== What you will do ==
Wherever the line that contains "mani umano proteggere gesto vettore" falls, repeat it and the lines after it exactly until the records end, without any pictures.

== Dataset records ==

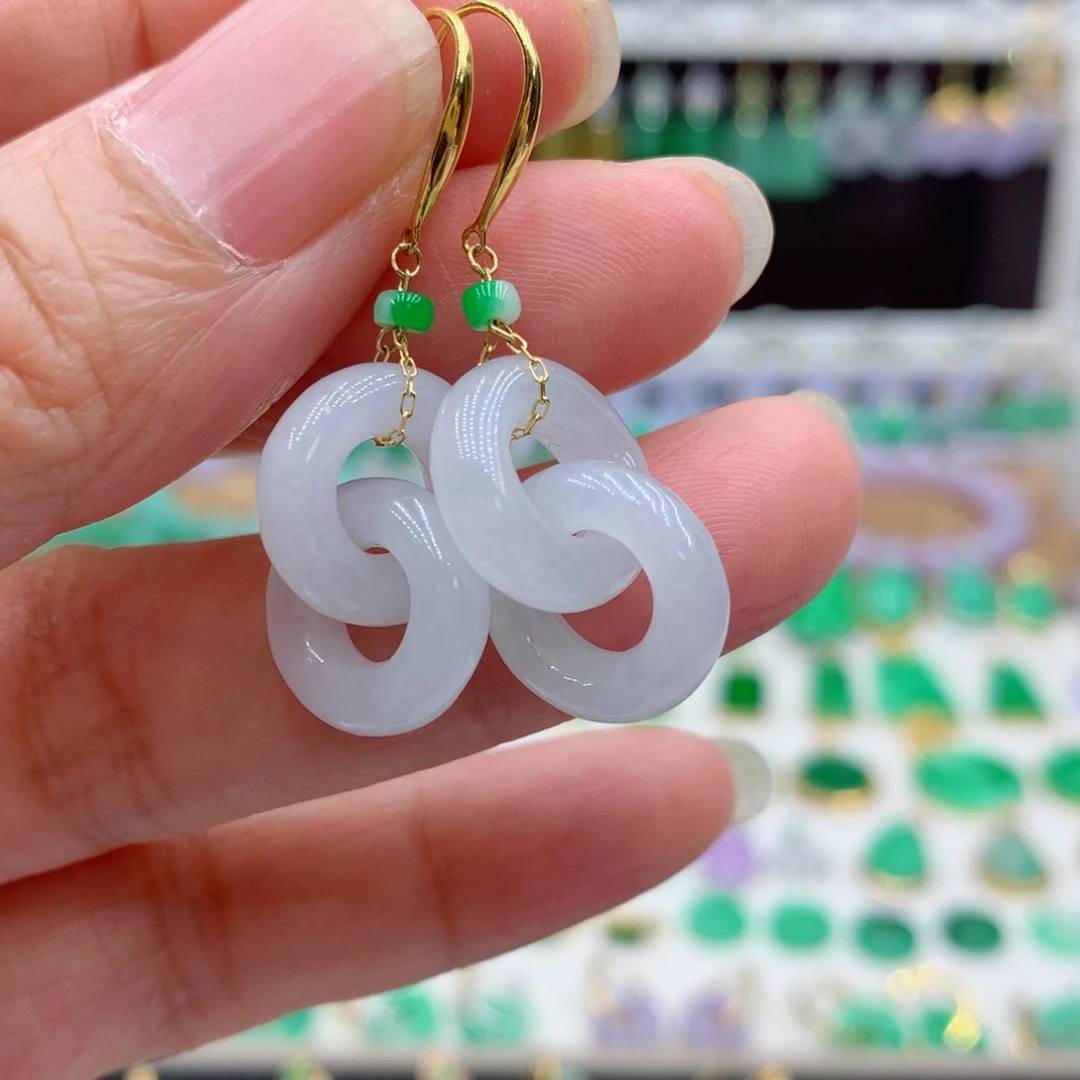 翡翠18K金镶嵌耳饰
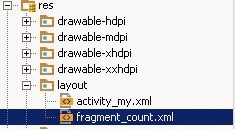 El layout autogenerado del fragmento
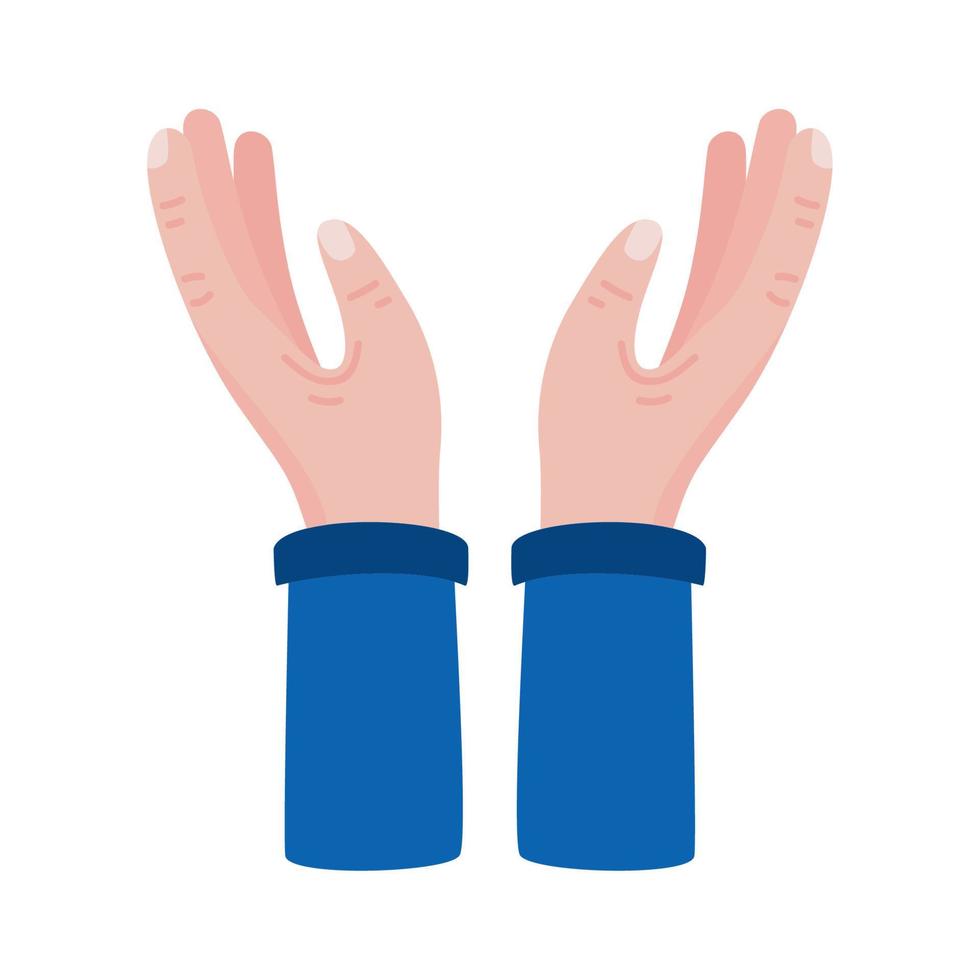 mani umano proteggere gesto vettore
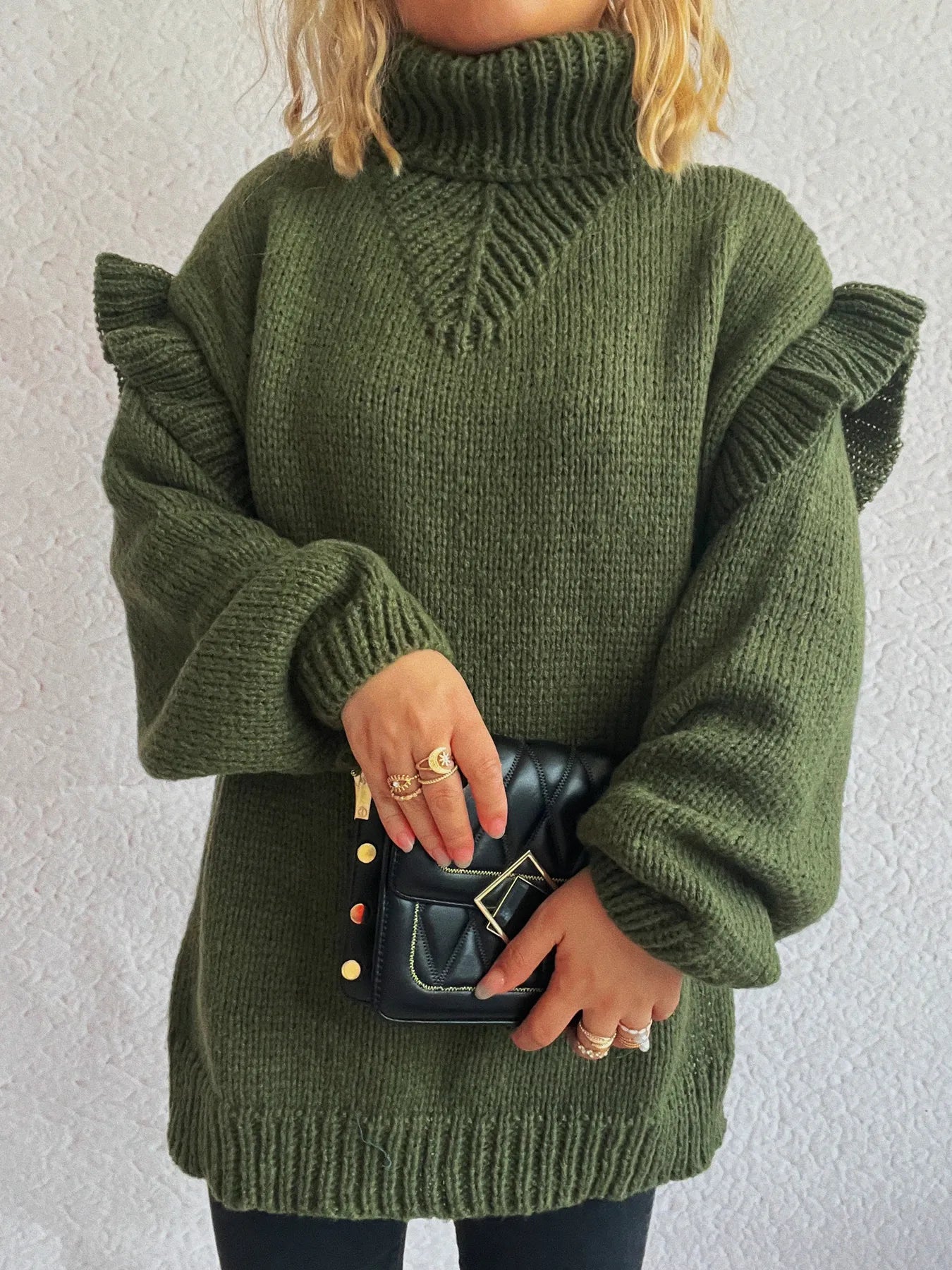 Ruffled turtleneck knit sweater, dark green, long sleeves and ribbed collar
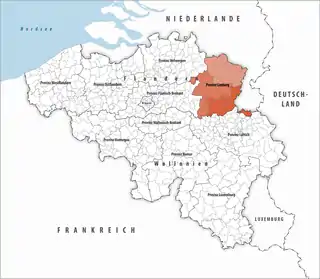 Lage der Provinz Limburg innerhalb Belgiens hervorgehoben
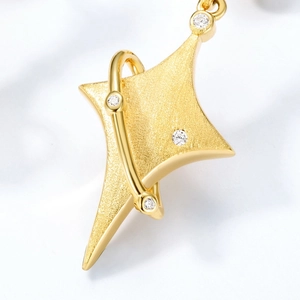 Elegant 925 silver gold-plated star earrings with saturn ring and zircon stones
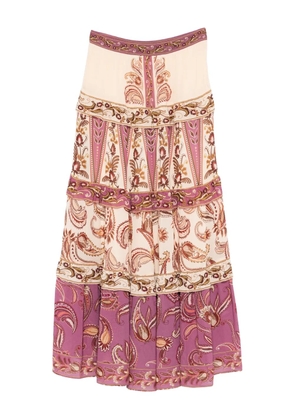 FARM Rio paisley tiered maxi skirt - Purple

===

== Exercise output ==
 mani umano proteggere gesto vettore
 Ruffled turtleneck knit sweater, dark green, long sleeves and ribbed collar
 Lage der Provinz Limburg innerhalb Belgiens hervorgehoben
 Elegant 925 silver gold-plated star earrings with saturn ring and zircon stones
 FARM Rio paisley tiered maxi skirt - Purple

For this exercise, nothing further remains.